* **Given data**
· · · · · · ·

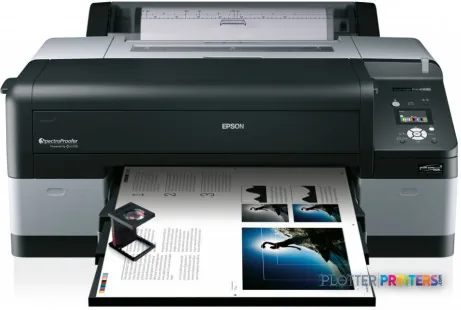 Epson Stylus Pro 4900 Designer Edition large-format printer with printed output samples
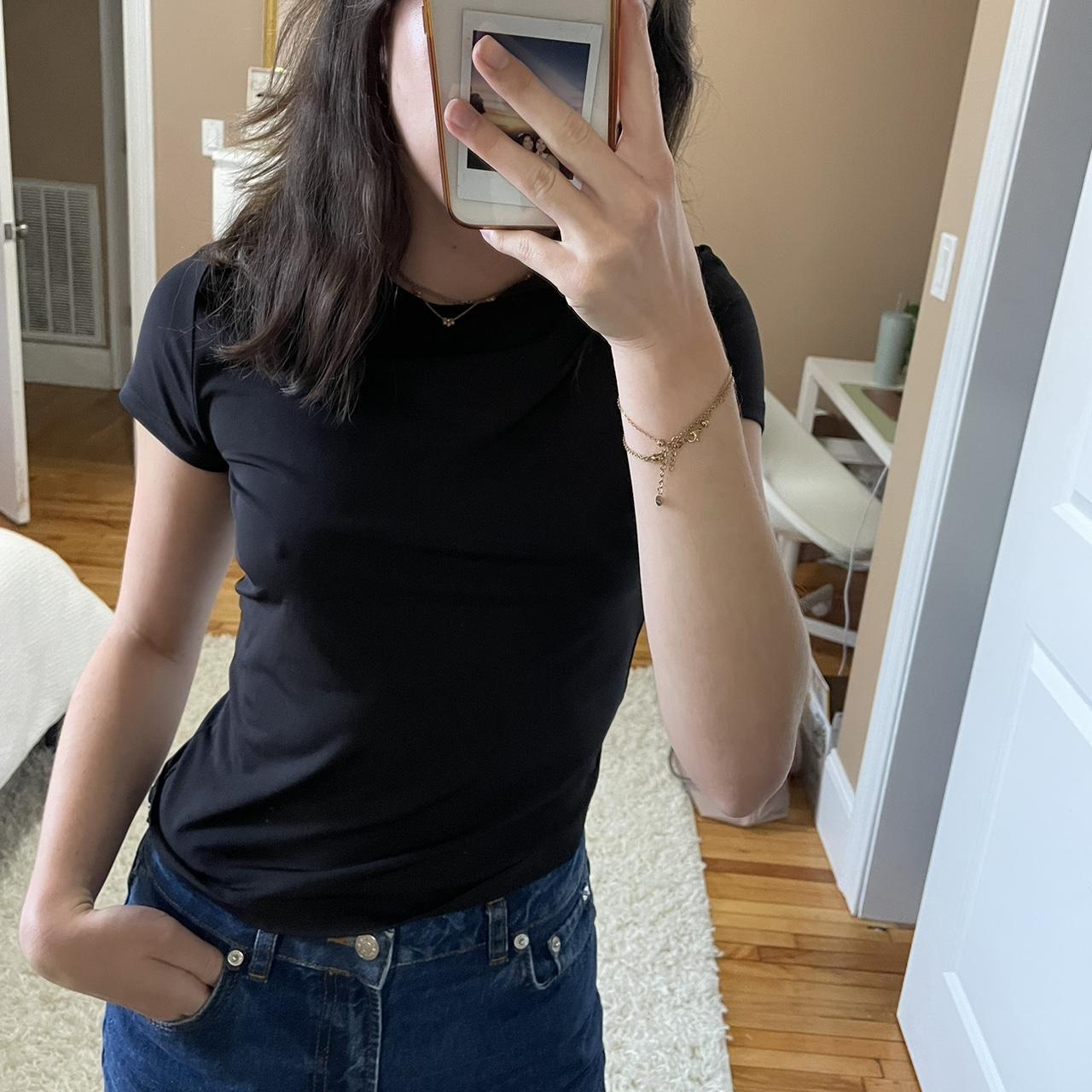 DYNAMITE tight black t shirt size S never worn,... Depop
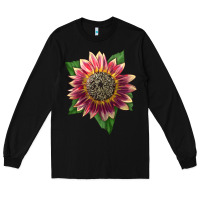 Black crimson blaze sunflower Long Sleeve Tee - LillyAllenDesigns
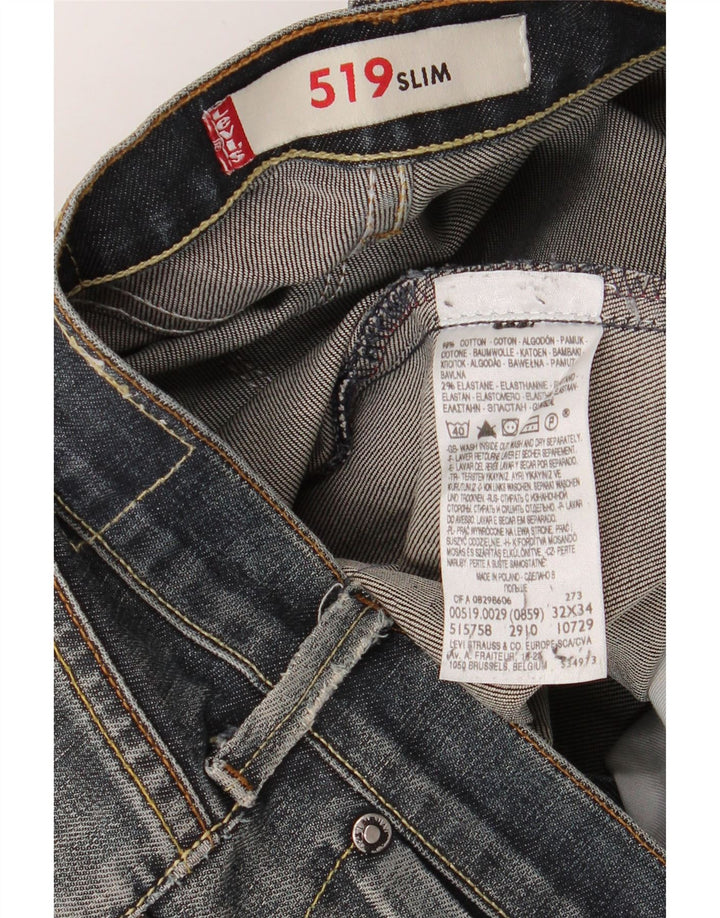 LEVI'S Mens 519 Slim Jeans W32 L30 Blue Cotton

· · · · · · ·

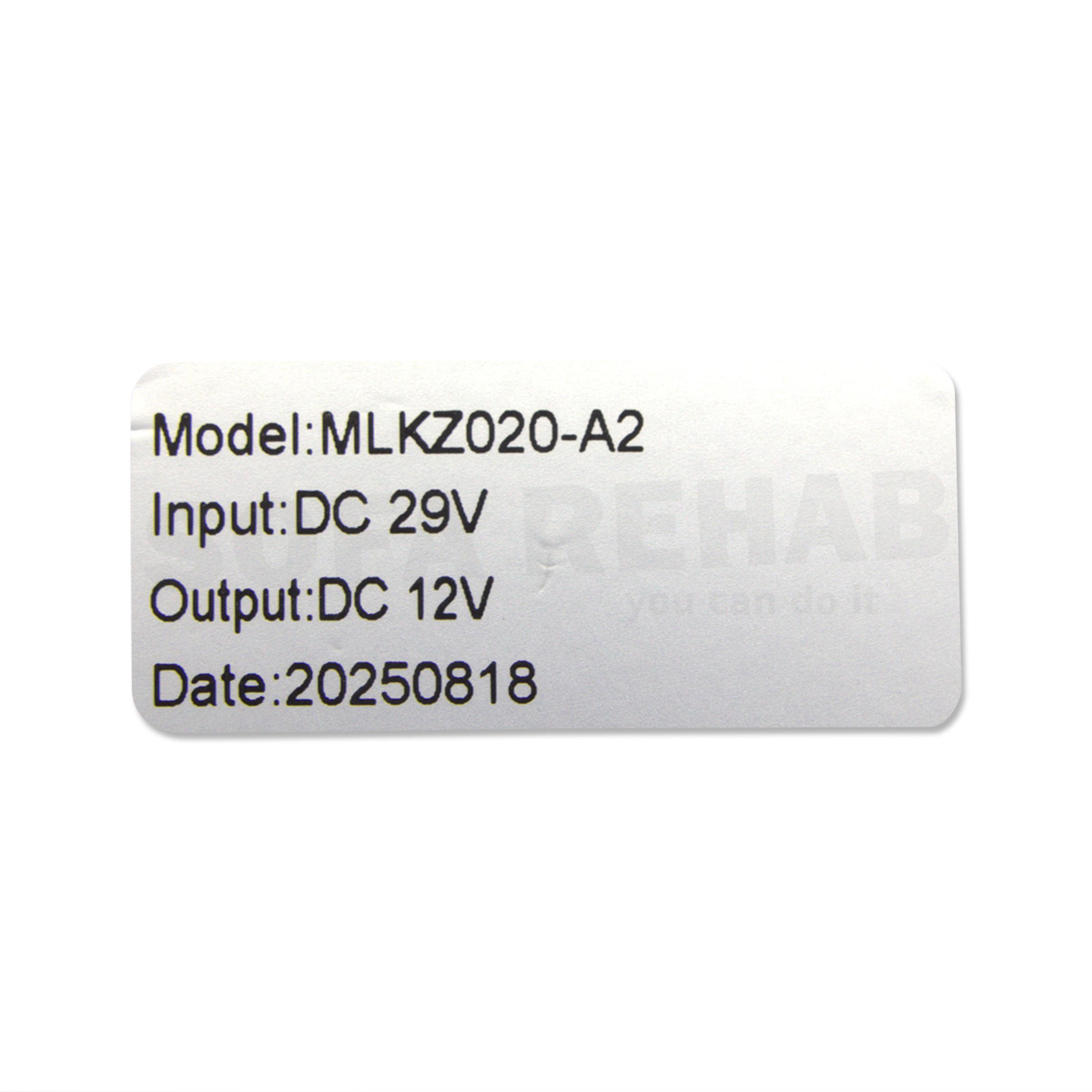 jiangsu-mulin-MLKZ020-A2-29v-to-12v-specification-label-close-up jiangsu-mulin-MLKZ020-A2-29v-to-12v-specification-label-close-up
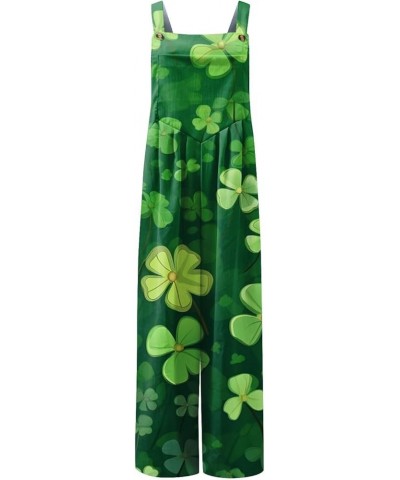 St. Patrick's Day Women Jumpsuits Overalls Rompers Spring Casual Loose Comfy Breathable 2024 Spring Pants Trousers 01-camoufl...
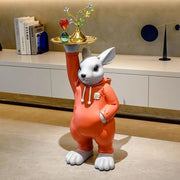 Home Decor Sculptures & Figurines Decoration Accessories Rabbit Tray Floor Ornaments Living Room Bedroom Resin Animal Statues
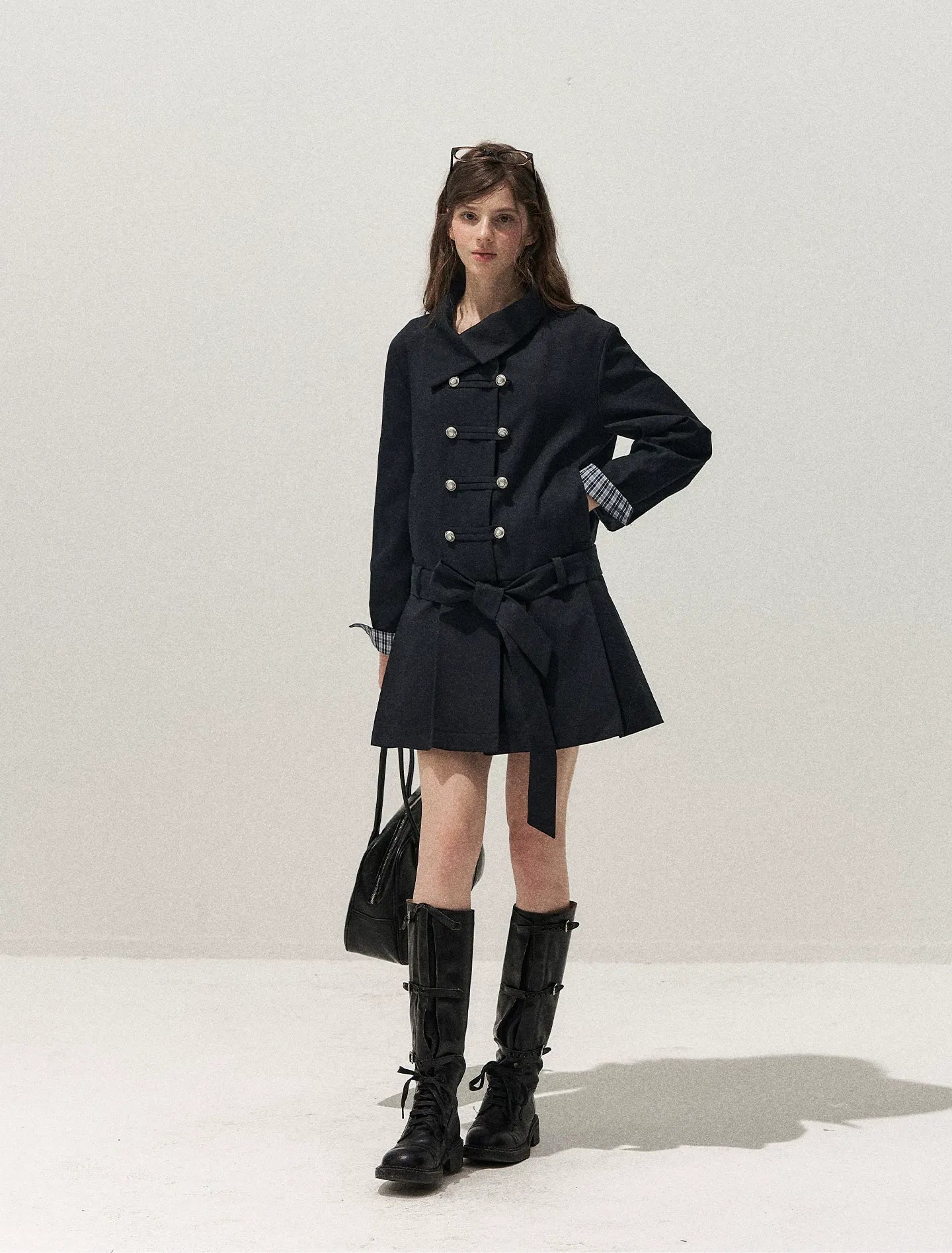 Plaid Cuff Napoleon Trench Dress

· · · · · · ·

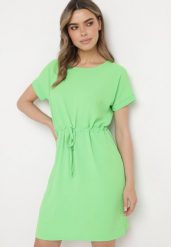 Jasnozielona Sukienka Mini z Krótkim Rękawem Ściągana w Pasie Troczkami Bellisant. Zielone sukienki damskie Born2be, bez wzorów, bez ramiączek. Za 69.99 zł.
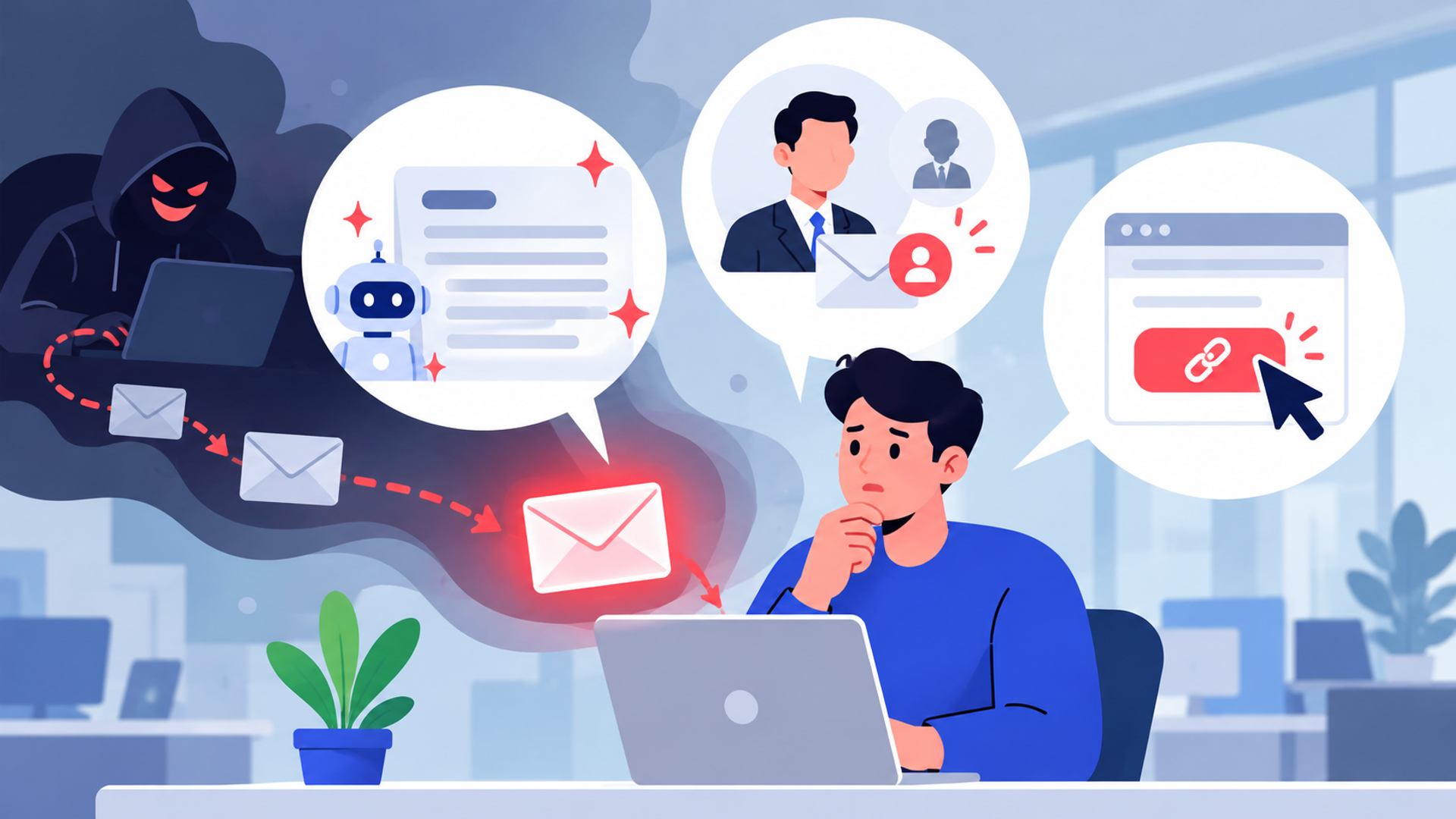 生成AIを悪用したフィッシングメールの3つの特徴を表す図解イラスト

· · · · · · ·

* **Task item**
Transcribe exactly the lines above, beginning at the one with "DYNAMITE tight black" and going up to and including the one with "LEVI'S Mens 519". Pictures do not belong in the copy.

* **Exercise response**
 DYNAMITE tight black t shirt size S never worn,... Depop
 Black crimson blaze sunflower Long Sleeve Tee - LillyAllenDesigns
 LEVI'S Mens 519 Slim Jeans W32 L30 Blue Cotton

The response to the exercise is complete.